With the increasing amount of data available nowadays, especially in urban spaces, it has become critical extracting knowledge to get insight from all this big data. This need becomes even more important and less obvious to supply when these data have discrepant events (i.e., outliers). Here we propose a method to explore the multiway nature of urban spaces data in outliers detection which includes three stages: (i) dimensionality reduction, where we model data as a 3rd-order tensor; from this reduction, we extract a set of latent factors to obtain the best fit for the next classification step; (ii) classification of latent factors, where the latent factors from the stage (i) are used to generate instances of similar events in monitoring smart urban spaces which result in high-quality clusters from the factorization; and (iii) combining steps (i) and (ii) to generate a refined urban space pattern identification model. We analyzed a real large-scale dataset with valuable data captured and streamed by urban sensors from 4 cities: Elda and Rois (Spain), Nuremberg (Germany), and Tallinn (Estonia). Our results allow us to conclude there is a kind of cyclic time patterns of urban sensing.

Introduction

Urban areas play a relevant role in the trend of environmental variables changes [1]. There are different initiatives around the world which have allowed urban environments to become smarter, e.g., Amsterdam, San Francisco, and Barcelona [2]. In all these cases, the Information and Communication Technologies (ICTs) help to improve the citizen life quality and the efficiency of urban infrastructures. Air quality monitoring, noise levels, waste, public lighting, vehicle traffic, heat islands and other applications related to a smart city vision helps us to understand the new challenges from big urban centers better.

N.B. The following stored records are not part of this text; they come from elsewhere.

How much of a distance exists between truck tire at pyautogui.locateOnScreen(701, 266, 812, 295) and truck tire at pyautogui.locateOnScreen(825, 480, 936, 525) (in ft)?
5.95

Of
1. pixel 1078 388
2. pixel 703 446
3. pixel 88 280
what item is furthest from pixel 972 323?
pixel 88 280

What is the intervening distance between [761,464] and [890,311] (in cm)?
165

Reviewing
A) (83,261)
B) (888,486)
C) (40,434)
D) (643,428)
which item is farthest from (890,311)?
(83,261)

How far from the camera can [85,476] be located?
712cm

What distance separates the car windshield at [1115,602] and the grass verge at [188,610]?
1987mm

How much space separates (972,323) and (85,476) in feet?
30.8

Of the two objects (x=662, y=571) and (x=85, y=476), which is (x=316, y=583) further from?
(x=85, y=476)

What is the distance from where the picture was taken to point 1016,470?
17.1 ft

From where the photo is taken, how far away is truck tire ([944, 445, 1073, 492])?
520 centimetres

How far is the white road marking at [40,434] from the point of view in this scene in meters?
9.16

The Internet of Things (IoT) and cyber-physical systems are responsible for developing many smart cities applications [3], [2]. A significant challenge is the problem of monitoring, mining and analyzing the massive and heterogeneous data. The system gathers these data from smart objects and sensor devices. Furthermore, traditional processing techniques and analytical procedures have faced some limited performance in such scenarios [4], [5]. Additionally, the challenge becomes even more significant when such data present deviations from the dataset observed, what we call outliers.

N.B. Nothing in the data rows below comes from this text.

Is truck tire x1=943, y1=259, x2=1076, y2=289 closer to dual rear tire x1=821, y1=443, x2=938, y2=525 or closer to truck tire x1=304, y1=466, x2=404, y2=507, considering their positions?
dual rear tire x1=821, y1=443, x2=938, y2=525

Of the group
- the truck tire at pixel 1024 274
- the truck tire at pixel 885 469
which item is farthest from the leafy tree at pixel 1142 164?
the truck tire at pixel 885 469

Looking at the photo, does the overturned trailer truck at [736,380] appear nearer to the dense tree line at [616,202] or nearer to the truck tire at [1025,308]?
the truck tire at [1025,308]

Outliers are observations that appear to be inconsistent with the rest of the dataset [6]. Practical applications of outliers detection in the context of smart cities are broad, such as identifying patterns of unusual events in the urban traffic flow, trends in air quality change, or water quality monitoring [7], [8], [9]. Here we propose a method for the outliers detection that explores the complex dependencies and higher order interactions between space, time, and environmental variables. We focus on a multidimensional configuration to summarize the high-dimension data in tensors [10]. In our environmental modeling, each multivariate structure represents a specific city. Our method includes three stages:

  • 1.

    Dimensionality reduction, where we model the data as a third-order tensor, and we extract a set of latent factors from the reduction, to obtain the best approximation of the information retained for the next classification step;

  • 2.

    Classification of latent factors, where the obtained factors (stage 1) are used for classification to obtain instances of occurrence of similar events in environmental monitoring, thus obtaining high-quality clusters from the factorization; and

  • 3.

    Generation of a refined environmental pattern identification (combining stages 1 and 2) where we apply a process monitoring statistic to detect events outside the normality patterns of the observed dataset.

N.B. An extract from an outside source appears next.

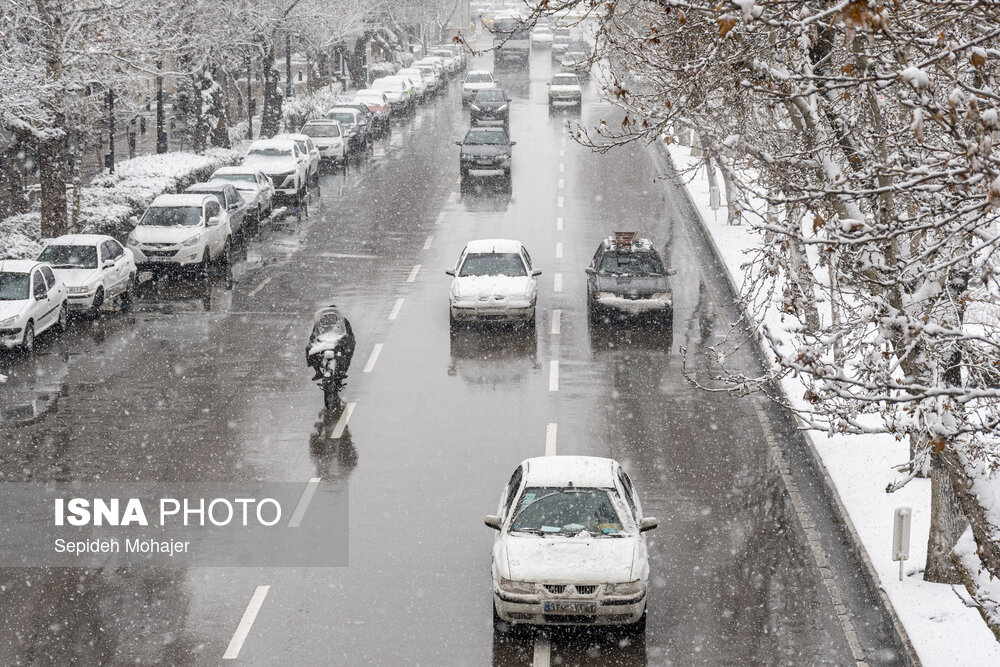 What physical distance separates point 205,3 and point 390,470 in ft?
93.9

To perform our evaluation, we used a real large-scale dataset [11], [12] which monitoring environmental variables of the following cities: Elda-Spain, Rois-Spain, Nuremberg-Germany, and Tallinn-Estonia. We found patterns in the semantics of information extracted from the multiway configuration pointing to the cyclical occurrence of temporal patterns revealed by latent factors allowing us to infer about the degree influence of the variables on this behavior, and thus to reveal discrepant events that were once invisible. We performed a comparison with Multiway Principal Component Analysis (MPCA) [13]. This method uses the multidimensional nature of the data and explores the intrinsic relationships between the environmental data dimensions collected in this research.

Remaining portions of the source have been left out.